What about the Grass?

We’re often reminded to water newly planted trees (especially if they’re in front of our house) but what about the new grass in the medians? How do these get watered when there is little rain? The medians on New Hampshire from Grant Circle to south of Georgia Ave are looking in pretty rough shape. In hindsight is grass a bad idea for these medians?

8 Comment

  • From CM Bowsers weekly newsletter…
    Councilmember Bowser has been working with Casey Trees, the Urban Forestry Administration and members of the Petworth Community to establish a partnership to mulch and maintain trees on two of the medians on New Hampshire Avenue between Georgia and Grant Circle. Casey Trees has provided about 60 trees for all of the medians. ANC 4C has provided a grant of up to $2,000 to the Petworth community for the partnership for maintenance for the two medians.

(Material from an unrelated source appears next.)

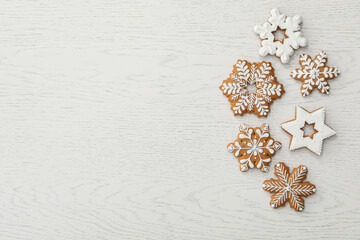 Christmas snowflake shaped gingerbread cookies on white wooden table, flat lay. Space for text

    This is an excellent example of the community working together with the city and a non-profit organization to beautify the neighborhood. The area around the Petworth metro station is blossoming in the residential and business aspect and now we can expect real blossoms from our trees and bushes. Councilmember Bowser would like to thank Carol Herwig from Casey Trees, Jeff Green from Petworth, John Thomas from the Urban Forestry Administration and everyone who has been involved in this effort.

    • if i’m reading this correctly, why only from the ga. ave/new hampshire intersection north to grant circle? these medians start at either otis or spring and new hampshire. the length of the entire medians should be maintained.

      • Maintenance costs resources–labor and supplies. The ANC has a limited treasury. Casey Trees likewise has limited resources.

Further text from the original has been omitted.